Below are records; copy every line among them that contains the word "Avenue".

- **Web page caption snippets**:
----

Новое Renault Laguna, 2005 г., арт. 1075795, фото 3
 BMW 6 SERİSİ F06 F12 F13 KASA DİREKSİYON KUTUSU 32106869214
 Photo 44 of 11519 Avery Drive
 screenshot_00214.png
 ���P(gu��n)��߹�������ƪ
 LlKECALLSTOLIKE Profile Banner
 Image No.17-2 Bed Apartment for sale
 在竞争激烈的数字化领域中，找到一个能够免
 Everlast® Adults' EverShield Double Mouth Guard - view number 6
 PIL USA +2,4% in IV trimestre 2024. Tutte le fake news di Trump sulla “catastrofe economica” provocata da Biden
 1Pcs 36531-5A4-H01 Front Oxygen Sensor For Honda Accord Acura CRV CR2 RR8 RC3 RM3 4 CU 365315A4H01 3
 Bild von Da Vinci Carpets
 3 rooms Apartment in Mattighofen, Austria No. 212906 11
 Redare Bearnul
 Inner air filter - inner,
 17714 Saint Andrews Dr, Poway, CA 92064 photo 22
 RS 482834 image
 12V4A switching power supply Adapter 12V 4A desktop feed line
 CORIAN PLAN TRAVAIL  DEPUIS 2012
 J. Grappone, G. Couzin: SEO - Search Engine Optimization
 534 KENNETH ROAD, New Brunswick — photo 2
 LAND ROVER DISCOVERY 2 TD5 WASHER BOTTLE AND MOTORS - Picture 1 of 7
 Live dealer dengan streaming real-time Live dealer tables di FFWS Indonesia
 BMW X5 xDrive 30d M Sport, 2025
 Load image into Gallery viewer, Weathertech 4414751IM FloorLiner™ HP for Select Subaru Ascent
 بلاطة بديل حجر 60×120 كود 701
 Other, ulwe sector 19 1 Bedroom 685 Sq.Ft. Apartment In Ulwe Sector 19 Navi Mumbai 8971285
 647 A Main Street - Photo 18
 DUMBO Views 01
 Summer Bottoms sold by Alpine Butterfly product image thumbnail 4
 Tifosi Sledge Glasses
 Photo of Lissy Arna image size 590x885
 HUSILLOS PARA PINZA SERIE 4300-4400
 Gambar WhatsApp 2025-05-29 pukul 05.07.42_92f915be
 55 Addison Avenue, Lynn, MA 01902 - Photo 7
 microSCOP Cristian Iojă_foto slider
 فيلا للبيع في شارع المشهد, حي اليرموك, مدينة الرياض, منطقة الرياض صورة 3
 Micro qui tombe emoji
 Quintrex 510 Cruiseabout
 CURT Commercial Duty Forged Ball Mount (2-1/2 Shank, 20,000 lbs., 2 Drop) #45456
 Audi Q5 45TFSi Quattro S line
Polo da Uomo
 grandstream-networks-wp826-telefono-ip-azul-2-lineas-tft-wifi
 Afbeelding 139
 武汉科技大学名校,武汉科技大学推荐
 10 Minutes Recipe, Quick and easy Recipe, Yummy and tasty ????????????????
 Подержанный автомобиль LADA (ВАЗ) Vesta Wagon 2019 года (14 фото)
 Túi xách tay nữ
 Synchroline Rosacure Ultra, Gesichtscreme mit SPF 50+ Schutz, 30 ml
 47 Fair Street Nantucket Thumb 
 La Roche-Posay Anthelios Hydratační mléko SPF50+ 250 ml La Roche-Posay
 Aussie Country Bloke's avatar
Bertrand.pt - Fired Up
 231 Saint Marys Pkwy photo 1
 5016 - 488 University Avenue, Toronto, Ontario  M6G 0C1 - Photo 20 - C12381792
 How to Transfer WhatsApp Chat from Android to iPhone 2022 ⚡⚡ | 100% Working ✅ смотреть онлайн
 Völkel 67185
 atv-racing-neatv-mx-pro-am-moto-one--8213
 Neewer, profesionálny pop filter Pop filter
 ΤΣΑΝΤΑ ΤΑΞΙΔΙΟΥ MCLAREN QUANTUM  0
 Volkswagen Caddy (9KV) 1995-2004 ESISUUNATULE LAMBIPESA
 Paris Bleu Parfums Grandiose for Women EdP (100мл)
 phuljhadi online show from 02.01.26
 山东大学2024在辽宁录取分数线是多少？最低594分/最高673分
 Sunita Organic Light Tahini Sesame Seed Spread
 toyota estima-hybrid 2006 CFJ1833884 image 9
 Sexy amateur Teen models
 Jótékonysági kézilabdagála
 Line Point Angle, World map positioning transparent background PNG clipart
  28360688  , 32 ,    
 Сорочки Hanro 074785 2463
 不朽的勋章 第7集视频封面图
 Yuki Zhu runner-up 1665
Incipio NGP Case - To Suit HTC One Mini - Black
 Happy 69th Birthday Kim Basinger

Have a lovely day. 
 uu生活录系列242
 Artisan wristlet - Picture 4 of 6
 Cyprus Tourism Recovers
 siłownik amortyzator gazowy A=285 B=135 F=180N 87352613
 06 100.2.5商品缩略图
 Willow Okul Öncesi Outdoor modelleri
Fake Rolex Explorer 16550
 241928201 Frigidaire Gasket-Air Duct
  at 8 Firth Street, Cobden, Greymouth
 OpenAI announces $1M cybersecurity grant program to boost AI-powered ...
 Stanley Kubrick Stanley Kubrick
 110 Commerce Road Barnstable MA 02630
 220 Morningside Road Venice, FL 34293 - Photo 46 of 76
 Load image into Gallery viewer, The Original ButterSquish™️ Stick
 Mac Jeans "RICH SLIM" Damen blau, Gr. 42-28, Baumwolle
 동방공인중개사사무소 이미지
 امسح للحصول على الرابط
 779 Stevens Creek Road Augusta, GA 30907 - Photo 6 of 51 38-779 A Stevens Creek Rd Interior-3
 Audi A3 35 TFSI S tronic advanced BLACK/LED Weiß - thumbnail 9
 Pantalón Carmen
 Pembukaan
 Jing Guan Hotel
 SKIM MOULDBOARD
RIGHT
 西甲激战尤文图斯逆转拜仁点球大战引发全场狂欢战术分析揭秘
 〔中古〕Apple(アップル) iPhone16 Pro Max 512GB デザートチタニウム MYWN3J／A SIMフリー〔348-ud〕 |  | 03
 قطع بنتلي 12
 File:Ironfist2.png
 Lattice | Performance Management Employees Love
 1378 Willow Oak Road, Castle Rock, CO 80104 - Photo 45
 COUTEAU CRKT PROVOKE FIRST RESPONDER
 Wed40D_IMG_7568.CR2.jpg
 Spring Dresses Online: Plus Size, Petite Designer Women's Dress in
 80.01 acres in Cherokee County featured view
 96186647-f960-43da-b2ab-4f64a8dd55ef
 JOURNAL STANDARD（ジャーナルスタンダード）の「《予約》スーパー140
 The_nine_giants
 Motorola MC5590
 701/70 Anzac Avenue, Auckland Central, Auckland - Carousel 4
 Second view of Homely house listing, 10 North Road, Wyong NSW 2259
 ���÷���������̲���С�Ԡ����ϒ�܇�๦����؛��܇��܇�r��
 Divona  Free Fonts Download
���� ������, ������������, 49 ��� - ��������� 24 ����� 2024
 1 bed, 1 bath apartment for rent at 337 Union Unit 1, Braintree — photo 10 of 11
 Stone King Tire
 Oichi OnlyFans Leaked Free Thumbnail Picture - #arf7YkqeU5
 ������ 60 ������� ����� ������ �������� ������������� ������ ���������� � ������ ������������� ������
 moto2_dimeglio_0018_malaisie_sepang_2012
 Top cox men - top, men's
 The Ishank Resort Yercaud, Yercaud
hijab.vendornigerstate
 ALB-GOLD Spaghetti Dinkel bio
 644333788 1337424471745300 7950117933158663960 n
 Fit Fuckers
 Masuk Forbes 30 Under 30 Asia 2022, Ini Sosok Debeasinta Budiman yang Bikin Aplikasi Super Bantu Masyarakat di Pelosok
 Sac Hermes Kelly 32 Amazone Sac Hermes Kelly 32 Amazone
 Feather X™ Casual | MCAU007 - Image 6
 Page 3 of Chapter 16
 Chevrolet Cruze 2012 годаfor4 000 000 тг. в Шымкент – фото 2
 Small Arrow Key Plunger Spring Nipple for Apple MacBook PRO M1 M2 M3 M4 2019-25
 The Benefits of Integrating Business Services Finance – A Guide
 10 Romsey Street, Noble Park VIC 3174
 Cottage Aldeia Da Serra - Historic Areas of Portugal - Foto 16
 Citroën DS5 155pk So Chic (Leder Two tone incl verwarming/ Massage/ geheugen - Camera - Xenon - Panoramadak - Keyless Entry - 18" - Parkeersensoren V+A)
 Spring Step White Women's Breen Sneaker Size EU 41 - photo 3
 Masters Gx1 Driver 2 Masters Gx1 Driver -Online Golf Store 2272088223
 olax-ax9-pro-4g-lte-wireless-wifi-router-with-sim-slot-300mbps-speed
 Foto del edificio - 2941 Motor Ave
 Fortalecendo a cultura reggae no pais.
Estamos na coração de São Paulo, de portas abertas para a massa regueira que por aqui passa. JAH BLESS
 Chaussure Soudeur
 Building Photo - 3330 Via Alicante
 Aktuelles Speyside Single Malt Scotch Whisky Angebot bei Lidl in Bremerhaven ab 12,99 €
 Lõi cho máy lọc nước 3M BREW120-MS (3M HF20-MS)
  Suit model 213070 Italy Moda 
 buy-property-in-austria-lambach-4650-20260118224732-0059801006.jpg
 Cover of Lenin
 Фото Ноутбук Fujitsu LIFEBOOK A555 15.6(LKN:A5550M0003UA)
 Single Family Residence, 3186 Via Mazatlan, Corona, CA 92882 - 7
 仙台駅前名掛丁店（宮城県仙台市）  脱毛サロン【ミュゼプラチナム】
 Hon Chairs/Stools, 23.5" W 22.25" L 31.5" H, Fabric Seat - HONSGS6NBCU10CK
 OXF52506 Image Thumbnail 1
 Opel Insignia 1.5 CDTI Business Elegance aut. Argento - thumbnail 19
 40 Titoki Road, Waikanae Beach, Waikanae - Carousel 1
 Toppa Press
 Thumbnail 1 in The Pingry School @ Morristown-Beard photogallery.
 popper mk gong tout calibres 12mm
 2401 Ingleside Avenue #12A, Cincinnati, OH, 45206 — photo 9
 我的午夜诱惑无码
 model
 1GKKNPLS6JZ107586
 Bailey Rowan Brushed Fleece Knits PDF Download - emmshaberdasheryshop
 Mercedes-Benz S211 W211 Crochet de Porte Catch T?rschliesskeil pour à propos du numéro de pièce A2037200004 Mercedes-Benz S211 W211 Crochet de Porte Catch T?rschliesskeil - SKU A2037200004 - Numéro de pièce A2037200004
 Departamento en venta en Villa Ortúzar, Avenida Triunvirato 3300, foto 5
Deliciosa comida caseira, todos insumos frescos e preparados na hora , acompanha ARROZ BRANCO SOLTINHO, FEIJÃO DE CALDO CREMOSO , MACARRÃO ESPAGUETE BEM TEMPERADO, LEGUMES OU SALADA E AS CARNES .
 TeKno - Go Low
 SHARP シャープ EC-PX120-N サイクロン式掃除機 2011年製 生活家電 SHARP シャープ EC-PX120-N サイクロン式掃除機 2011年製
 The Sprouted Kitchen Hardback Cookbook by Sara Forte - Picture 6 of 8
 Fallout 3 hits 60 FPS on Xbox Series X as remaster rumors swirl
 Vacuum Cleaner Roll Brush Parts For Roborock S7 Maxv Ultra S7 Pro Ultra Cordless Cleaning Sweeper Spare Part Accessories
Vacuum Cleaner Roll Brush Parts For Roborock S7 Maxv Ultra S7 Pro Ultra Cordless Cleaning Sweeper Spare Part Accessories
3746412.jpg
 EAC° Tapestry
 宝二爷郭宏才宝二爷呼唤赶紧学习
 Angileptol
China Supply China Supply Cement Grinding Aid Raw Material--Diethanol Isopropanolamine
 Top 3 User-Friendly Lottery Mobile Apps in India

----

- **THE ANSWER**:
 55 Addison Avenue, Lynn, MA 01902 - Photo 7
 5016 - 488 University Avenue, Toronto, Ontario  M6G 0C1 - Photo 20 - C12381792
 701/70 Anzac Avenue, Auckland Central, Auckland - Carousel 4
 2401 Ingleside Avenue #12A, Cincinnati, OH, 45206 — photo 9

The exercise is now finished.